» Task instructions: Leave the pictures out and print, word for word, the lines below from the one with "Lobby or reception" through the final line.

» Data records:

* * * * * * *

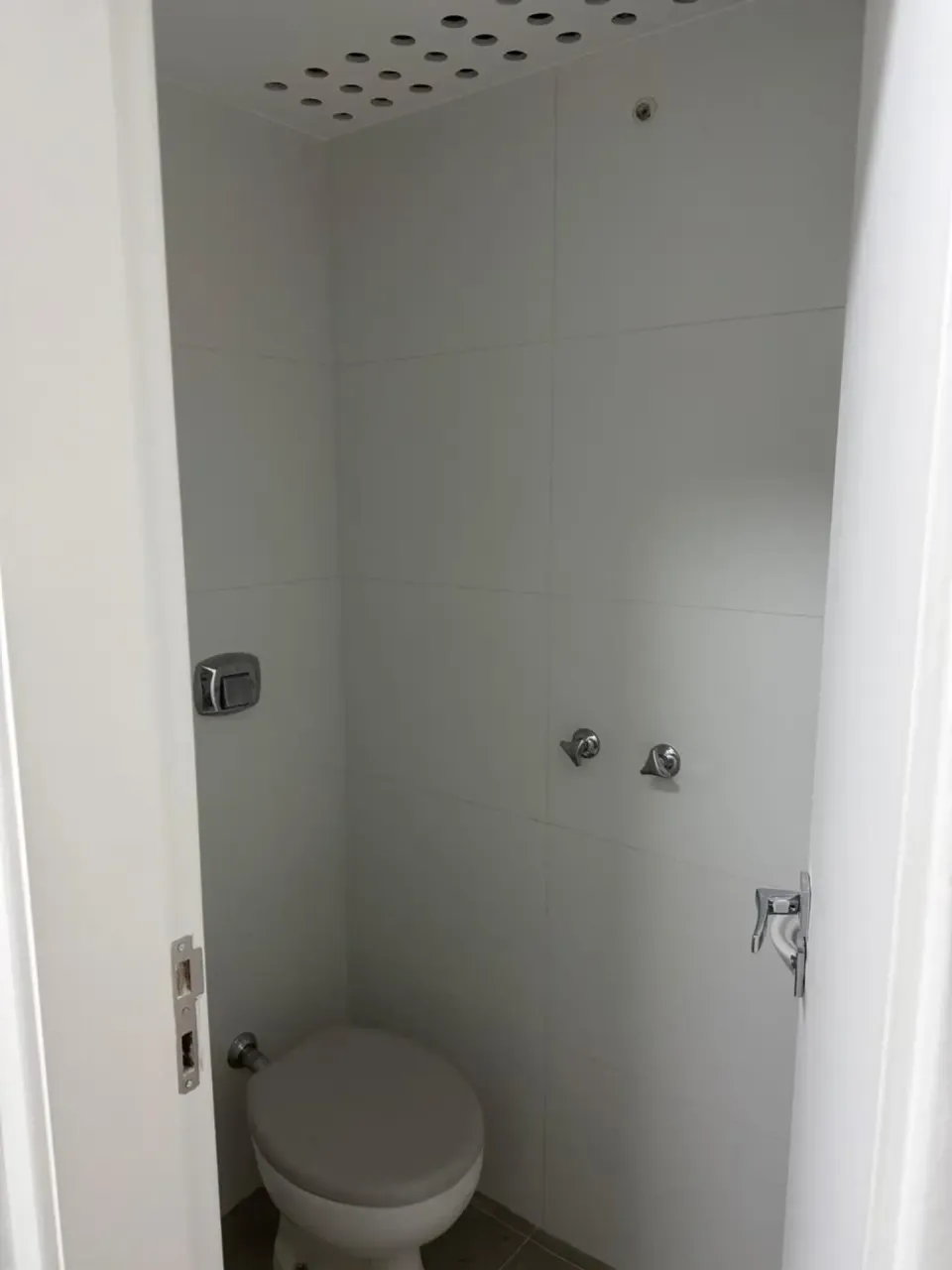 Rental apartment with 3 bedrooms and a glassed-in balcony — photo 8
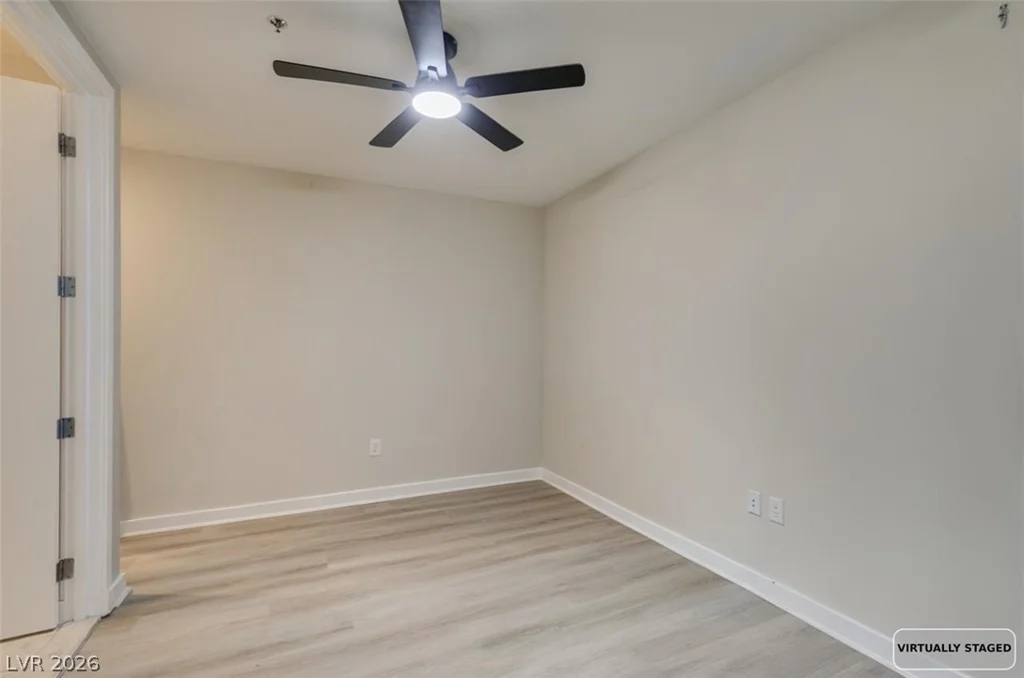 4525 Dean Martin, Las Vegas, NV 89103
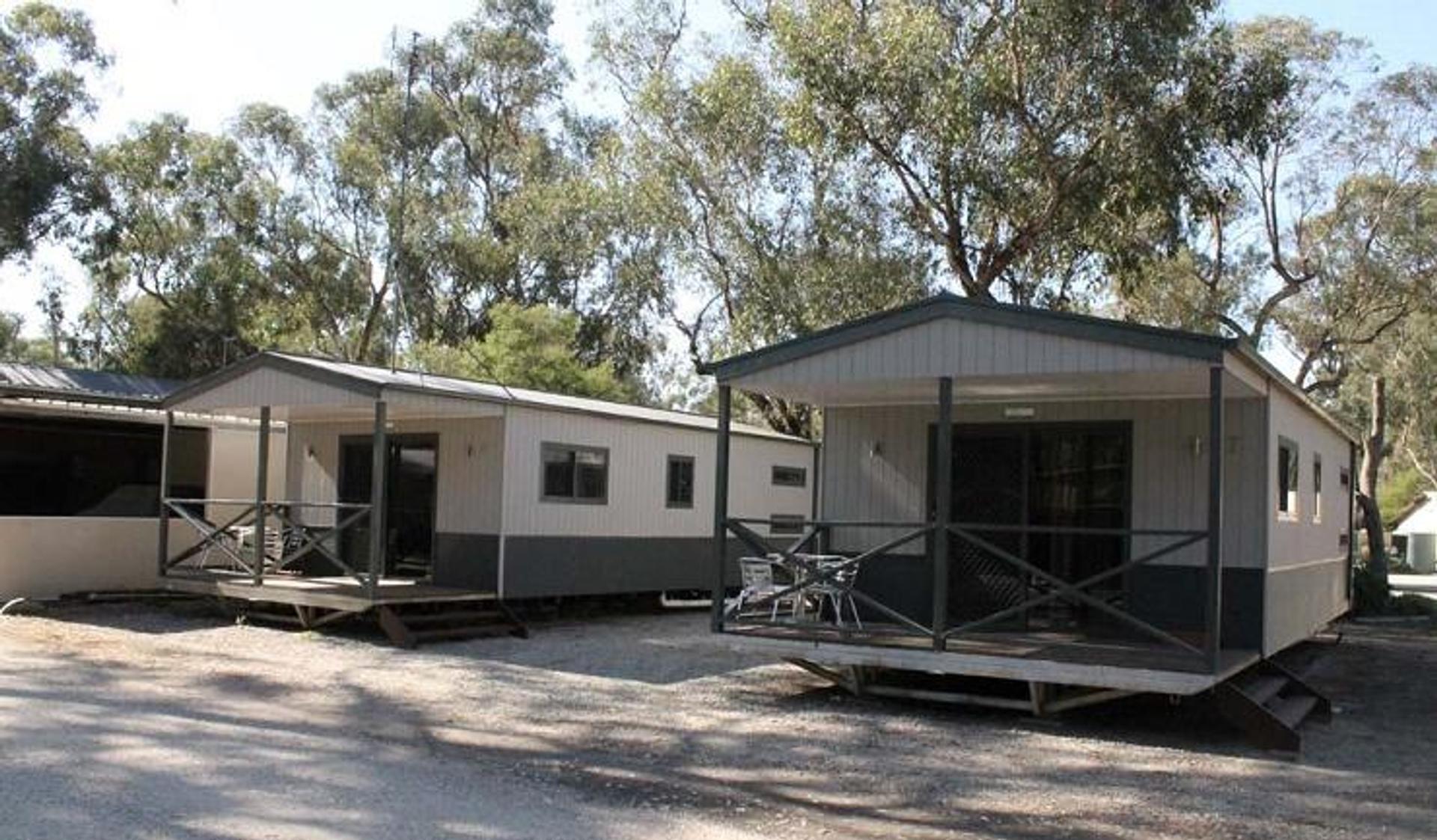 Torrumbarry Weir Holiday Park - 2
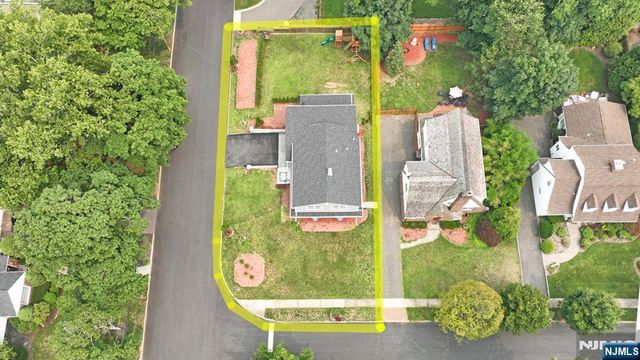 502 Ackerman Avenue, Ho-ho-kus, NJ 07423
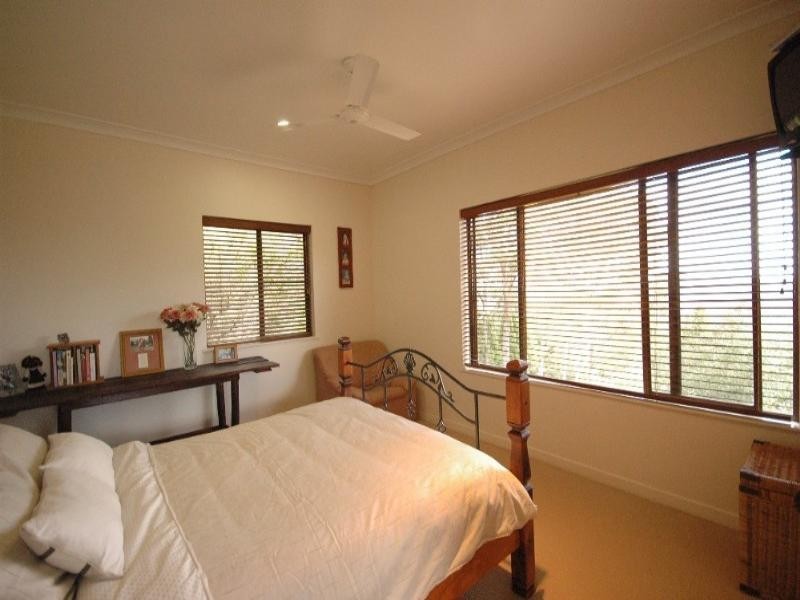 6 McAdam Court, Middle Ridge QLD 4350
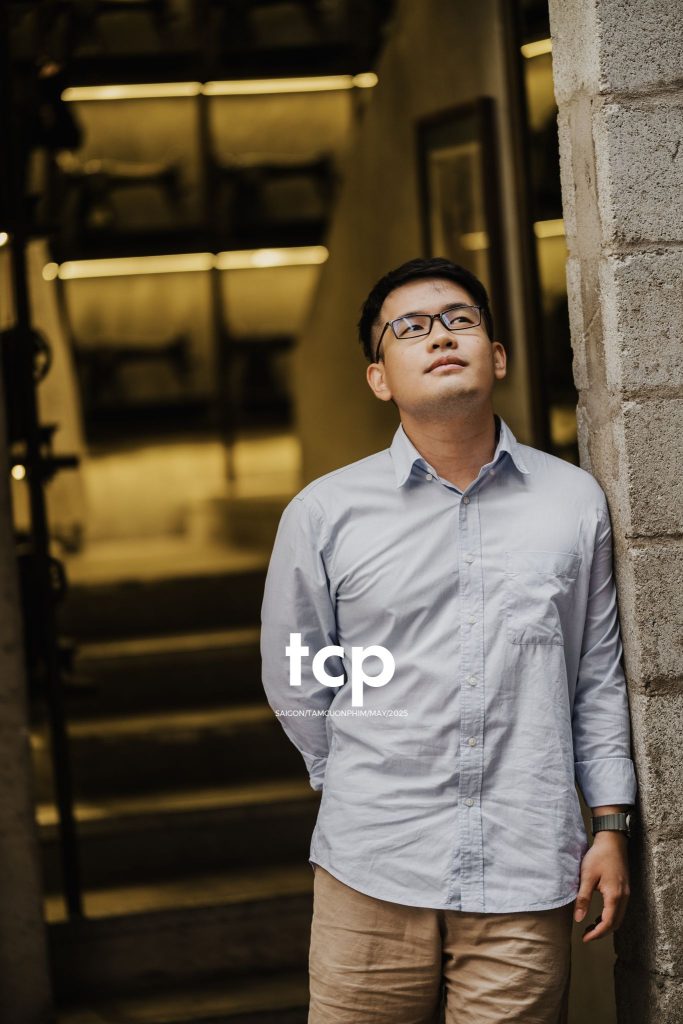 Tám Cuộn Phim - Bể cá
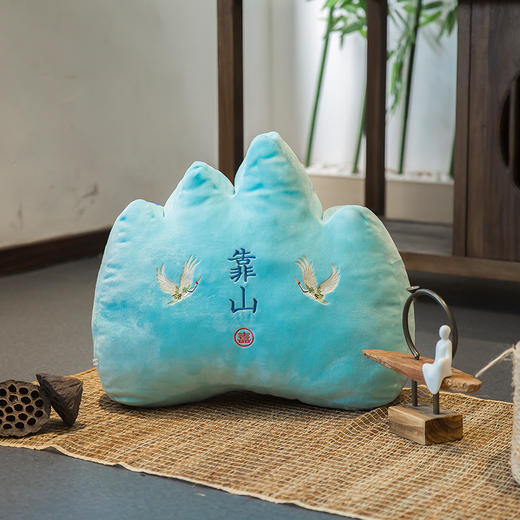 【祈愿吉品】马年新款靠山抱枕 商品图1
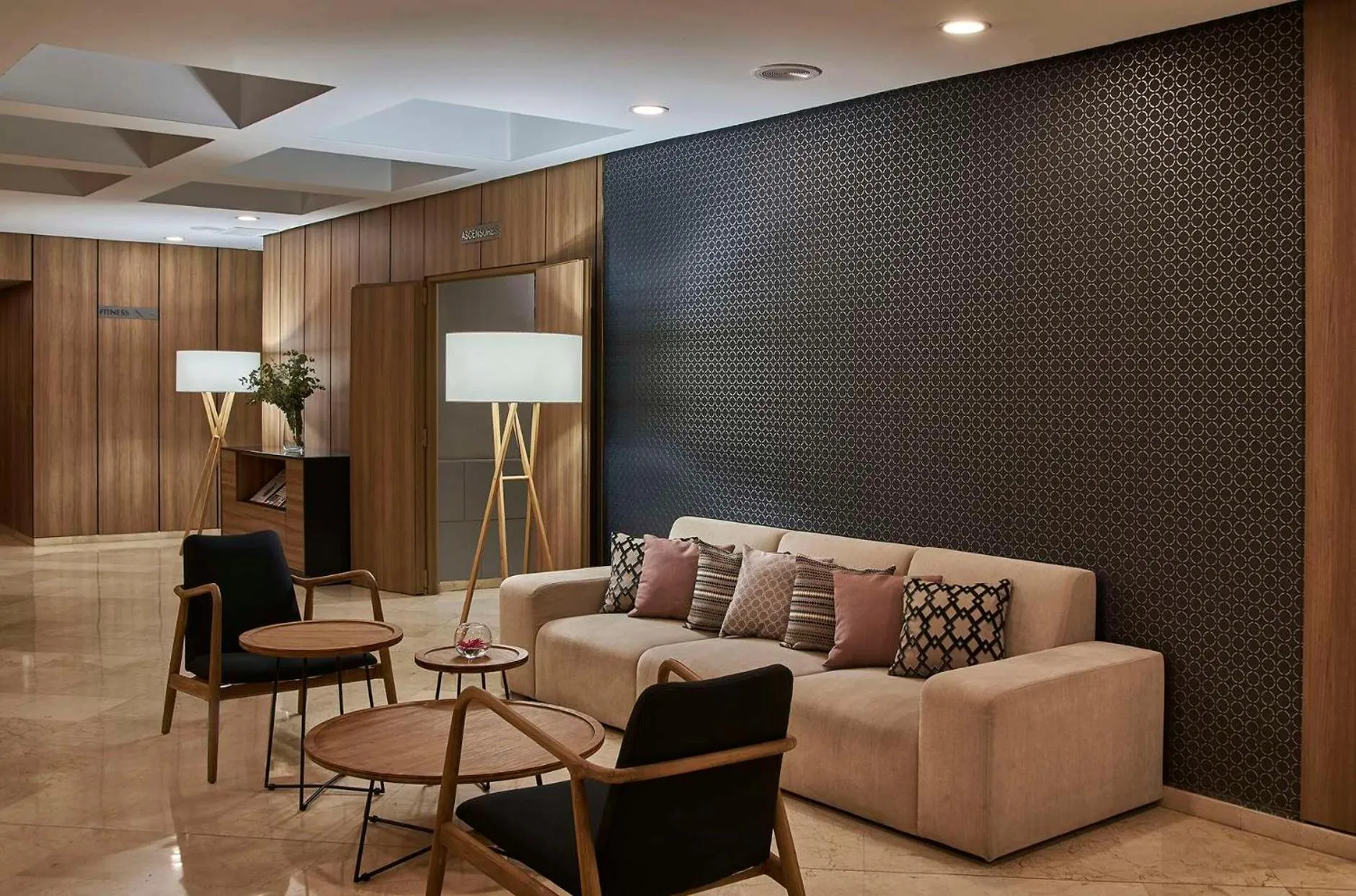 Lobby or reception in iStay by NH Ciudad de Valencia Hotel
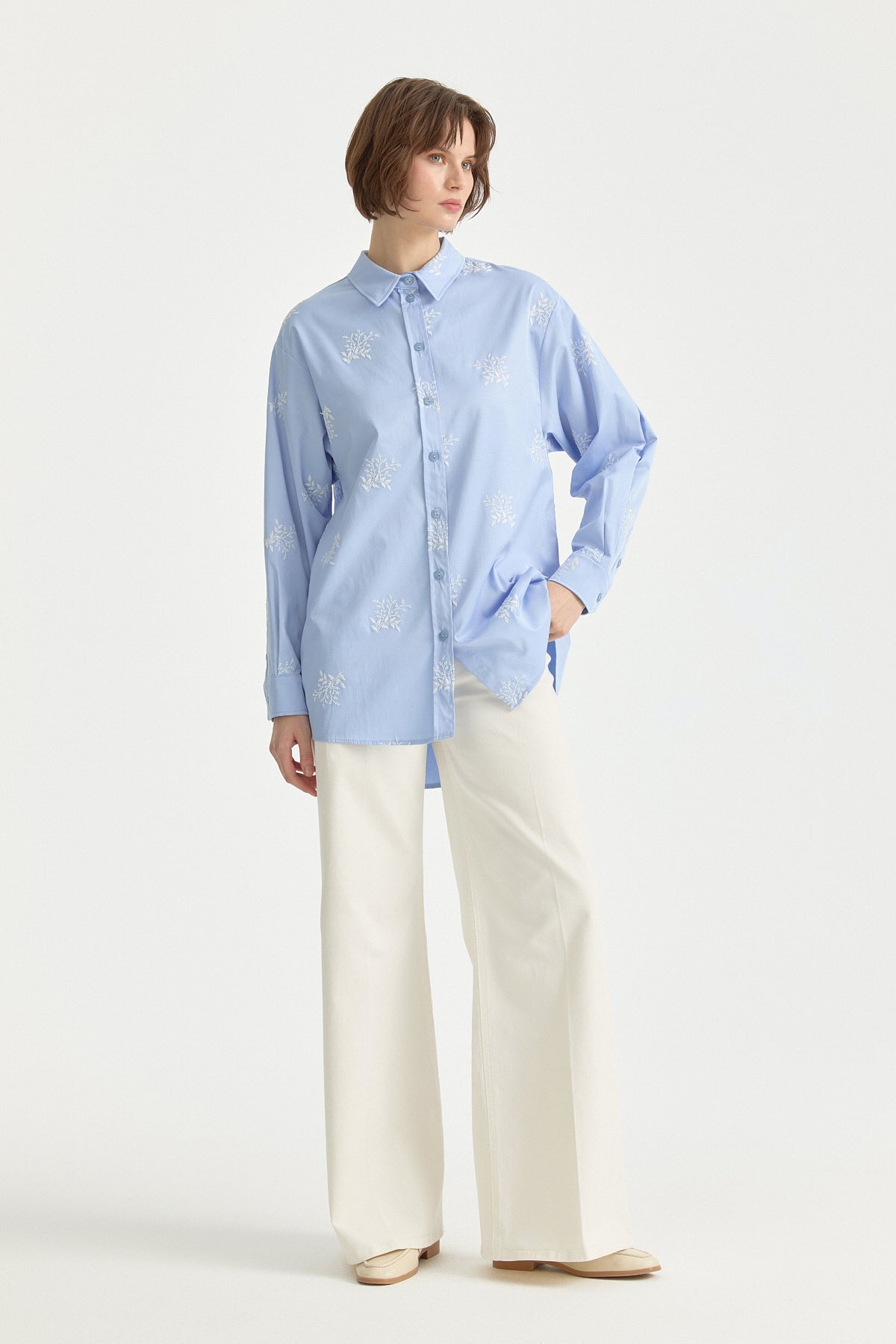 nakisli-gomlek-yaka-tunik-acik-mavi-263578.jpg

* * * * * * *

» Response for this exercise:
 Lobby or reception in iStay by NH Ciudad de Valencia Hotel
 nakisli-gomlek-yaka-tunik-acik-mavi-263578.jpg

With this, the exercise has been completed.